Background: The objective of this assignment was to design a movie poster that showcases layering and blending techniques using Photoshop. Having recently completed a project about fashion in film, Mia Farrow was on my mind. In assessing her catalog, I gravitated toward Rosemary's Baby and the challenge of tackling a darker subject matter in an elevated, sophisticated way.
Design Problem: My biggest challenge was figuring out how to visually communicate that this was a horror movie without resorting to gore. Additionally, I didn't want to give too much of what the movie is about away and was looking to find a way to pique the interest of anyone who hasn't seen the film while exciting those who have.
Design Process: The first step in my process for this project was to watch the movie to determine any themes or elements that could translate visually. One that jumped out to me right away was the concept of reality. Whose reality is the truth? With that kernel in the back of my brain, I started to notice it everywhere. In the music I was listening to, the other movies I was watching, and in my own day to day life.
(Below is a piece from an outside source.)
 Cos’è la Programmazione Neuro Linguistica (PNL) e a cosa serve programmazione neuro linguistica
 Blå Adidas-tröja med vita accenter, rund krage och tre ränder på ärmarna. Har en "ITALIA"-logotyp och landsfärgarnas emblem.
Design Solution: To play off of the concept of reality, I decided that the stills I pulled for my posters would stand-alone, without any contextual elements, therefore encouraging the viewer to create their own idea of what the film was about. I did, however, want to give them a gentle nudge and provide a tonal framework with the color palette and watercolor accents. I knew I would use red to anchor the color palette as a nod to the more sinister elements of the film. To keep things graphic, I went with a bright yellow and classic black. For embellishments, I brought in watercolor splatters which could be interpreted as blood, and infrared overlays to really play up the unease of the horror genre.